In 1966, the Stanford Artificial Intelligence Laboratory moved to the D.C. Power Laboratory Building on Arastradero Road. It was at this same time that Chowning joined the music faculty teaching music theory and computer music, and the first course in computer-generated music was offered. Exploratory work on musical timbres began in 1967 and led to the discovery of the use of frequency modulation (FM) for sound synthesis by John Chowning with the help of David Poole and engineering graduate student George Gucker. The technology was commercialized by Yamaha Corporation, resulting in the DX-7 (1983), the first commercial digital music synthesizer.

Early compositions from CCRMA included: “Sabelithe I” for sound and 3 performers by John Chowning in 1966 (never completed due to the Artificial Intelligence Laboratories move to the D.C. Power Laboratory Building); “Rondino’ for stereo tape, by Leland Smith in 1968; “Pour” for sound and recorded voice, by Martin Bresnick in 1969; “Fragment” for stereo tape, by Martin Bresnick in 1970; “Sabelithe II” for quad tape, by John Chowning; “Machines of Loving Grace” for bassoon and narrator with stereo tape and “Rhapsody for Flute and Computer” for flute and stereo tape, by Leland Smith in 1971; “Turenas” for quad tape, by John Chowning in 1972; “A Little Traveling Music” for amplified piano and quad tape, by Loren Rush in 1974; a realization of Robert Erickson’s “Loops” by John Grey in 1974; and “Song and Dance” for orchestra and quad tape, by Loren Rush and commissioned by the San Francisco Symphony in 1975.

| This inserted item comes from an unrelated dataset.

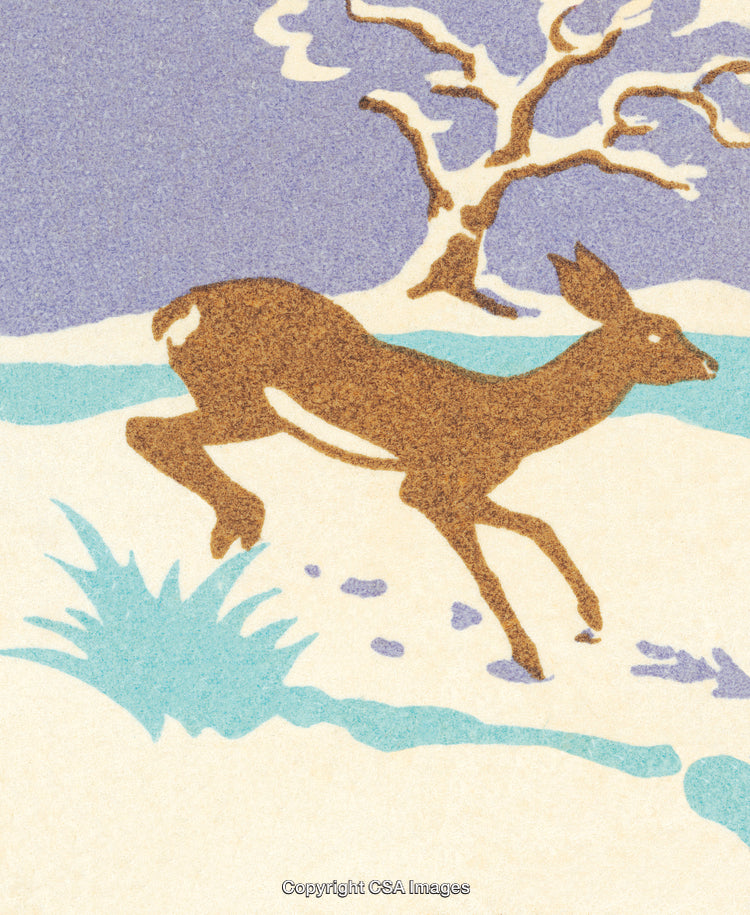 Retro Style Illustration of a Deer Running Through a Snowy Landscape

Because of their growing reputation, members of the computer music group at Stanford were asked by Pierre Boulez in 1973 to participate in the planning stages of his music research institute being formed as part of the Centre Pompidou in Paris. In August 1975, the IRCAM group came to Stanford to participate in a special workshop on computer music. The research relationship and exchange between the two centers has continued over the years.

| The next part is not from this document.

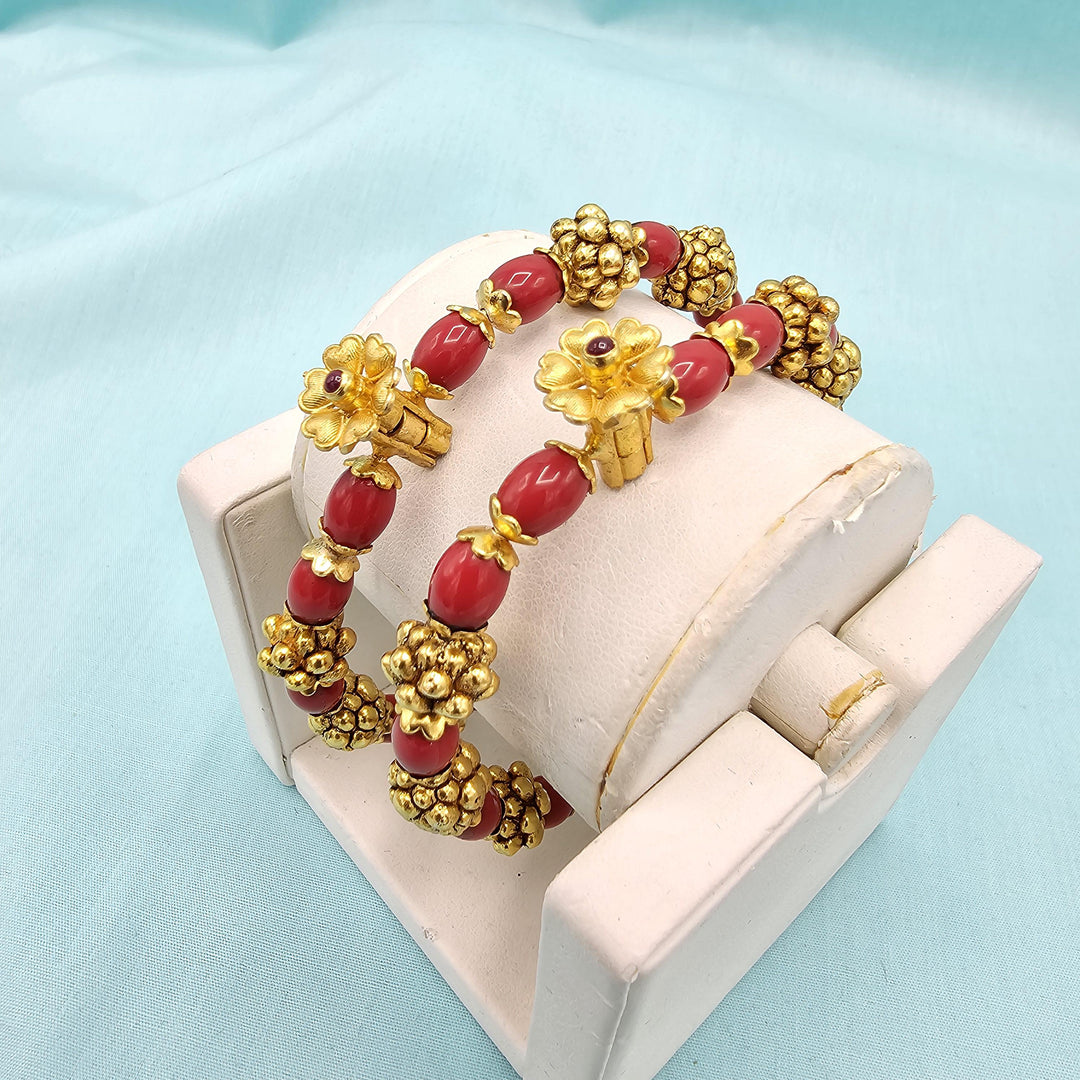 2.8 Coral Nakshi bangles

In 1974, John Chowning, Loren Rush, John M. Grey, and James A. Moorer submitted an application to the National Science Foundation (NSF) to support research at a new Center for Computer Research in Music and Acoustics (CCRMA). Other funding included a gift from Mrs. Doreen B. Townsend and a grant from the National Endowment for the Arts for computing equipment for musical purposes. To be able to speed up music synthesis, CCRMA commissioned a real-time digital synthesizer from Systems Concepts designed by Pete Samson (called the Samson Box) which came online in 1977. Although a part of the Music Department at Stanford, CCRMA continued to share facilities and computing equipment with the Stanford Artificial Intelligence Laboratory (SAIL) of the Computer Science Department. The founding co-directors of CCRMA were faculty members John Chowning and Leland Smith and research associates John M. Grey, James A. Moorer and Loren Rush. The first computer music concert (“An Evening of Computer Music and Film”) was held August 10, 1976 at Dinkelspiel Auditorium and in 1978 CCRMA presented a concert of computer music at the Stanford Museum of Art.